Although the commodity DRAM price uptrend is expected to continue, the underlying cause has more to do with PC OEMs’ inventory strategies than stimulation from market demand. Thus, the commodity DRAM price trend in the second half of the year is unpredictable; market supply and demand is balanced at the moment, but any changes in the market could throw off price trends.

Global Mobile DRAM Output Exceeds Commodity Production for First Time in Second Quarter

With the continued popularity of smartphones and tablets, DRAM makers worldwide have all upped their mobile memory production. Mobile DRAM output exceeded that of commodity DRAM in the second quarter, and is expected to see a nearly 80% yearly increase in 2013. Currently, mobile DRAM accounts for 32% of the memory market and is forecast to take 35% on production output base by the end of the year, becoming the leading memory category.

As for commodity DRAM, although prices have doubled since last year’s low, with DDR3 2Gb arriving at US$1.5, commodity products are still less profitable than mobile DRAM. Thus, top suppliers will continue cutting back on commodity memory in favor of mobile products.
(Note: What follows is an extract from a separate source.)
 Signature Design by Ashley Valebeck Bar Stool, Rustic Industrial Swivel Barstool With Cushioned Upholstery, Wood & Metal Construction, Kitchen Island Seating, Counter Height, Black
While all DRAM makers are focusing on mobile DRAM production, the Korean suppliers have been the most aggressive in the transition to mobile products. As Samsung’s Galaxy products sees strong sales across the globe, the maker’s mobile DRAM output accounts for more than 40% of total production. With the development of 20nm process technology, cost structure will likely decrease.

SK Hynix is not far behind; as Apple as removed Samsung from its supply chain and may release more than one new mobile product this year, SK Hynix has been increasing mobile DRAM output in the second quarter in preparation for increased demand. As for Elpida, as a result of its strong relationship with Apple, the supplier’s mobile memory output is nearing 60%; the manufacturer will focus on increasing LPDDR3 production in the second half of the year.
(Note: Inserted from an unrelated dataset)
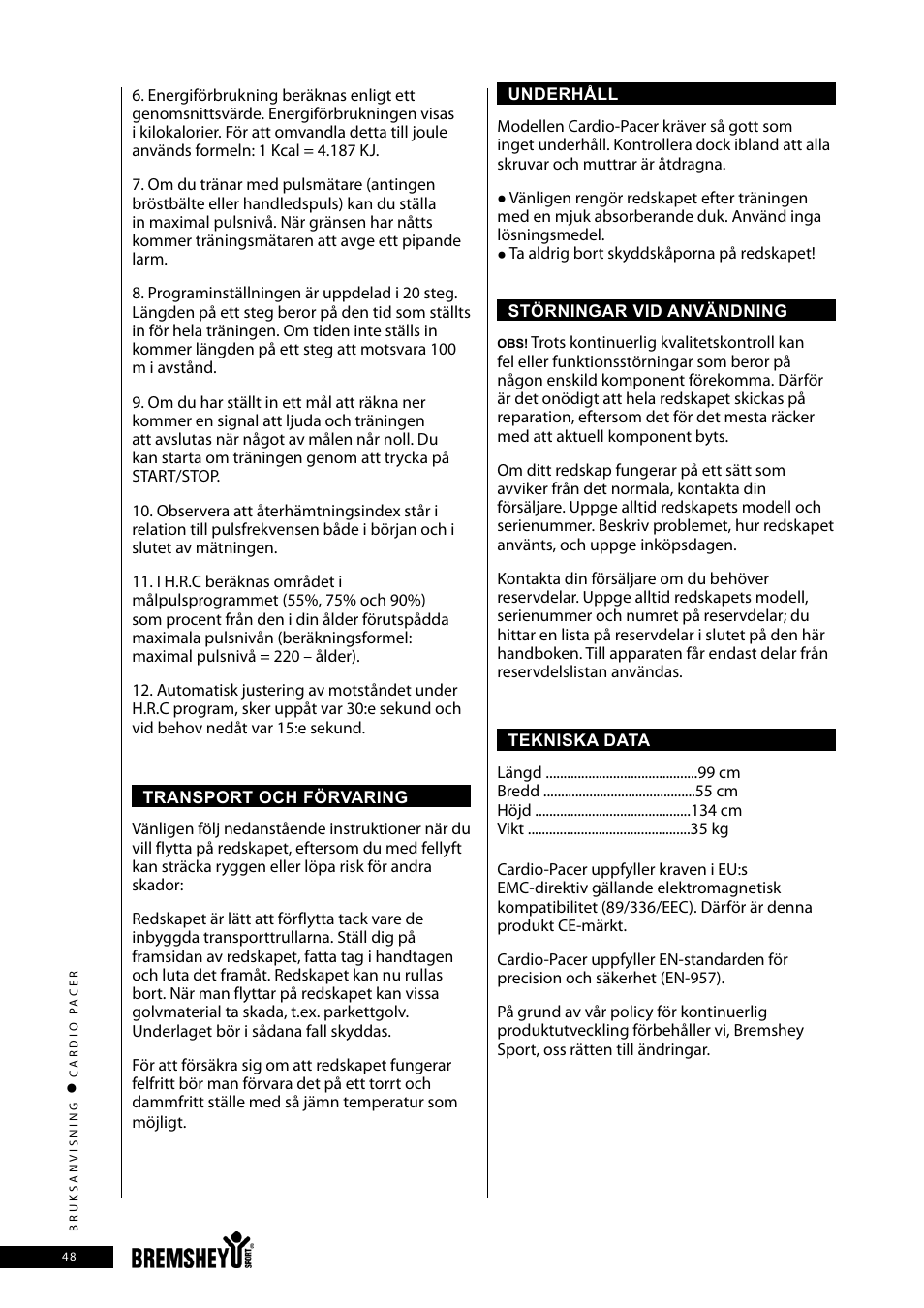 Accell CARDIO PACER User Manual | Page 48 / 64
After the merger with Micron is complete, mobile DRAM production will remain at Elpida’s Hiroshima fab and Rexchip; research and development may be managed by Elpida as well. Paired with Micron’s NAND flash technology, the team will be able to produce eMCP products that will help increase mobile memory market share.

Looking at market demand, smartphone and tablet shipments are expected to see over 30% growth this year. Additionally, Intel’s new Haswell chipset will support LPDDR3, providing new demand for mobile DRAM. By 2014, mobile memory products may account for more than 40% of the DRAM market.